What is the relationship between such and similar developments and discourses, which first and foremost reflect the self-conception of artistic agency, and a philosophical conception of artistic action? Why is it important to talk about the concept of action in art?


Analyses of the transition into the post-modernity, as well as questions about a functionalisation of art, seem to suggest one thing: that the category of action can no longer constitute a category worth taking seriously. The key question is therefore: Must the perspective of globalisation and, in it, that of a functional shift in art necessarily lead to an explicit devaluation of the concept of action? If one starts from the discourse of autonomous agency, as I have just done, then from a subjective perspective of artists in the praxis, an assumption of the effectiveness of their agency seems to co-determine this action. From a sociological analysis of social transitions, there is the risk that the perspective of agency will inevitably vanish in the discourse of artistic functionalisation. On the other hand, this seemingly inevitable vanishing of options for action is countered by a conception of art that, precisely through its assertion that artists are outside such processes, insinuates something dysfunctional.

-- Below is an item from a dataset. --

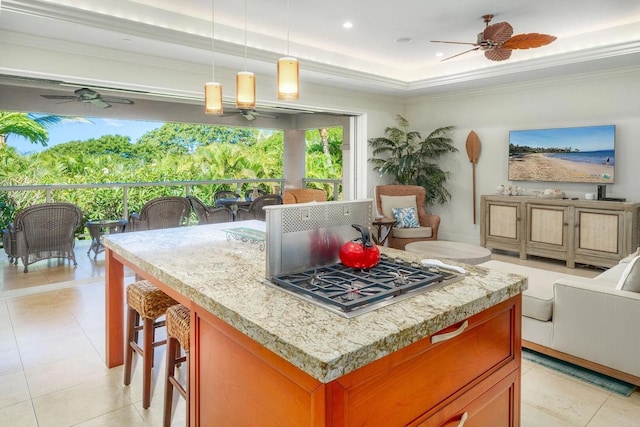 kitchen featuring ceiling fan, stainless steel gas stovetop, a tray ceiling, and hanging light fixtures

This second perspective assumes that artists are situated at the margins social processes and thus defines their agency as critics outside the social realm. Briefly, this involves then a discourse of resistance – i.e., artistic agents perform resistance against such processes.


I think, however, that a comparison of the considerations I have presented in the previous six points should not be aimed at either the first or the second paradigm. Rather, it is important to formulate a meaningful concept of action vis-à-vis these two respectively lopsided hypotheses about the social role of art without lapsing into either of the two models. The subjects of action in art should neither disappear nor be stereotyped as mere subjects of resistance.


The aim is thus to define a concept for artistic action that both includes the determinations of the acting subjects and develops a materialistic inner perspective that can also be grasped, among other things, in terms of agency. If one wants to say something about the efficiency of actions, it is necessary to understand them within the context of a praxis in which the results of action are not determined by the agents alone, but in which these actions are only experienced retrospectively and intersubjectively settled upon their functions. It is important to understand artistic action not only as a process that is solely aimed at production as an industrial product, but also as a process that places the piece, the work, the product or the situation in a social context, i.e., in a frame, as a process that is aimed at outcomes of the performance in a later stage. This corresponds, for example, to an idea already found in Aristotle, namely the determination that the purpose set for an action is always located outside this action and is thus never part of this action per se.


In the history of philosophy and sociology in Europe, the categories of purpose and means have escalated in a way, that from today's perspective, blocks our access to their conceptualisation. A kind of climax of the standardisation of the ascription of purpose and means is to be found in the sociology of Max Weber, namely in Weber's ideal type of purpose-economic action. Weber is not too concerned in claiming that all action in society can be subsumed under the scheme of an utilitarian economy. Rather, Weber assumes that there are real differences between purpose-economic, value-economic, affective and irrational action. This amalgam of actions, however, does not lead Weber to reject the unambiguousness of a scheme of action; rather, it inspired him to develop an ideal type as a standard with the help of which hybrid forms can be better inquired. Purpose-economy explains itself through the general rule it explains to us. The paradigm for such a determination is the natural sciences, which in Weber's time underwent a strong renaissance and achieved a considerable recognition. In methodical abstraction, Max Weber therefore explains:


" Zweckrational handelt, wer sein Handeln nach Zweck, Mitteln und Nebenfolgen¹ orientiert und dabei sowohl die Mittel gegen die Zwecke, wie die Zwecke gegen die Nebenfolgen, wie endlich auch die verschiedenen möglichen Zwecke gegeneinander rational abwägt.¹"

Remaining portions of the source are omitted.